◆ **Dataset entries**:
● ● ●

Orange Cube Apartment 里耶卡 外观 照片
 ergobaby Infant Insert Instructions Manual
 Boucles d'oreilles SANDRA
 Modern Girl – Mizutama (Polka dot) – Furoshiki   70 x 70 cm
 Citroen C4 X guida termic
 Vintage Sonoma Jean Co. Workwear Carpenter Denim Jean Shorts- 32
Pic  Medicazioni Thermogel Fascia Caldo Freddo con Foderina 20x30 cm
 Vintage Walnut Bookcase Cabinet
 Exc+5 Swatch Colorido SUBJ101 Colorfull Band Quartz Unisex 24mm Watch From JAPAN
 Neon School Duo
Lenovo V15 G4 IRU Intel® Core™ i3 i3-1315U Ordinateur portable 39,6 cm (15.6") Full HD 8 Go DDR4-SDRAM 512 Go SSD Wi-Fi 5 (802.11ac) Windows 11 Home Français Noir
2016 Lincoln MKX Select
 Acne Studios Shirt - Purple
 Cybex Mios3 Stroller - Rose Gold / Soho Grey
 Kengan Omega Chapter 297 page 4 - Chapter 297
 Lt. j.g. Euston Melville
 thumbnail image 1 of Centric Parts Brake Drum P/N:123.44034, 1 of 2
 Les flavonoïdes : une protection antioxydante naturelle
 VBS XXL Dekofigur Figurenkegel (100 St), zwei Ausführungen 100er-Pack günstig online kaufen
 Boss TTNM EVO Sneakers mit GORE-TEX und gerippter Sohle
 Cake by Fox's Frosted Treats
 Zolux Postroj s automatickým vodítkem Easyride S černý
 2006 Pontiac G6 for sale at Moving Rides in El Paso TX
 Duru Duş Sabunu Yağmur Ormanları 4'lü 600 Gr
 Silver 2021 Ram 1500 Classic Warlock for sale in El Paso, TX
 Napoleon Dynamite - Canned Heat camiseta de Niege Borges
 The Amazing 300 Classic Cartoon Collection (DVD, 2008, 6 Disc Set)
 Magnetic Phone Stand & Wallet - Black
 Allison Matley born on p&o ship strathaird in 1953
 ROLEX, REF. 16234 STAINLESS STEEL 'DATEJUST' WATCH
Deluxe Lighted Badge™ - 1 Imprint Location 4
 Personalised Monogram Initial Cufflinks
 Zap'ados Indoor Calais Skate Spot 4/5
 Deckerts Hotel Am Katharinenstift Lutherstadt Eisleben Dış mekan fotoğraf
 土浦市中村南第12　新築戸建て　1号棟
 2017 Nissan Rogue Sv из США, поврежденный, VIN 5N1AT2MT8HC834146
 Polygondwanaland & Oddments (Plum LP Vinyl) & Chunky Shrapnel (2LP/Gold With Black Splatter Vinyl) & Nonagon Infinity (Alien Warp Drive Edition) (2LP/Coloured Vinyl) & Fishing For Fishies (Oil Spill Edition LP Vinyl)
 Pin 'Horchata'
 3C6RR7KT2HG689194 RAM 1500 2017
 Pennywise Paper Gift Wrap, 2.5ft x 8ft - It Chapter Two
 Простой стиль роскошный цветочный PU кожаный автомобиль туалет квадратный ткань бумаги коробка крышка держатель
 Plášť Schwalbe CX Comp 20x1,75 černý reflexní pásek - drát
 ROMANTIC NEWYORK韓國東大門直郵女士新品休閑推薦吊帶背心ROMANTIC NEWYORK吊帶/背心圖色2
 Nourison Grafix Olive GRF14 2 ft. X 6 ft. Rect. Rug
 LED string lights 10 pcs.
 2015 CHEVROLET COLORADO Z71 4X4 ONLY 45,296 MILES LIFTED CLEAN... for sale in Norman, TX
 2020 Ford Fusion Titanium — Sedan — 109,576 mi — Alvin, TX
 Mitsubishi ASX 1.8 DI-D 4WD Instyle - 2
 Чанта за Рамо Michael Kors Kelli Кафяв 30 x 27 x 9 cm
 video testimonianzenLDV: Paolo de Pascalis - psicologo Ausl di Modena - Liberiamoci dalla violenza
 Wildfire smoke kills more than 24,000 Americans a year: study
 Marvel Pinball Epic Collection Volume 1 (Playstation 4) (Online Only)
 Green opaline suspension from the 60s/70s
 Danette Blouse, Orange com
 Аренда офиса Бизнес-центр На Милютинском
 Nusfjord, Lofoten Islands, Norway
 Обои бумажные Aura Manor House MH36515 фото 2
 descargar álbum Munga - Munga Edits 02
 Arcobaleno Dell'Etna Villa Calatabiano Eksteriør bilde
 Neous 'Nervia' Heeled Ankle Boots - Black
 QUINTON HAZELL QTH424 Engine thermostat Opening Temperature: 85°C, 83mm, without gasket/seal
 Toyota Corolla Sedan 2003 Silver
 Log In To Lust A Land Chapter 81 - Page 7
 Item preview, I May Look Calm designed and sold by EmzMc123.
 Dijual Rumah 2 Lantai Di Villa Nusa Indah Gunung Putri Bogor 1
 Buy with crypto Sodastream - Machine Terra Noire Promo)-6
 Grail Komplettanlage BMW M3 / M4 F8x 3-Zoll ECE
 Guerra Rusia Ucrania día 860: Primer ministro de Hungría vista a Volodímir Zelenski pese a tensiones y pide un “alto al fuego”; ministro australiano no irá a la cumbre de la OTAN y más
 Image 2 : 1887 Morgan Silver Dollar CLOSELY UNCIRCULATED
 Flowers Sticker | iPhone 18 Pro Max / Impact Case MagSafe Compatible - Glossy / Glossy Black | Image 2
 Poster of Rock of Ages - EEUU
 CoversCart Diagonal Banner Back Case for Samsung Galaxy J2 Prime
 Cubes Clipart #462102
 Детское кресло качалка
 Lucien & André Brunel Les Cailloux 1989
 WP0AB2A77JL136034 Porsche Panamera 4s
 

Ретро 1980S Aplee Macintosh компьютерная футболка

● ● ●

◆ **Exercise objective**: Reproduce exactly the lines above from the line with "Vintage Sonoma Jean" to the line with "Les flavonoïdes : une", including both, and add nothing.

◆ **Reply**:
 Vintage Sonoma Jean Co. Workwear Carpenter Denim Jean Shorts- 32
Pic  Medicazioni Thermogel Fascia Caldo Freddo con Foderina 20x30 cm
 Vintage Walnut Bookcase Cabinet
 Exc+5 Swatch Colorido SUBJ101 Colorfull Band Quartz Unisex 24mm Watch From JAPAN
 Neon School Duo
Lenovo V15 G4 IRU Intel® Core™ i3 i3-1315U Ordinateur portable 39,6 cm (15.6") Full HD 8 Go DDR4-SDRAM 512 Go SSD Wi-Fi 5 (802.11ac) Windows 11 Home Français Noir
2016 Lincoln MKX Select
 Acne Studios Shirt - Purple
 Cybex Mios3 Stroller - Rose Gold / Soho Grey
 Kengan Omega Chapter 297 page 4 - Chapter 297
 Lt. j.g. Euston Melville
 thumbnail image 1 of Centric Parts Brake Drum P/N:123.44034, 1 of 2
 Les flavonoïdes : une protection antioxydante naturelle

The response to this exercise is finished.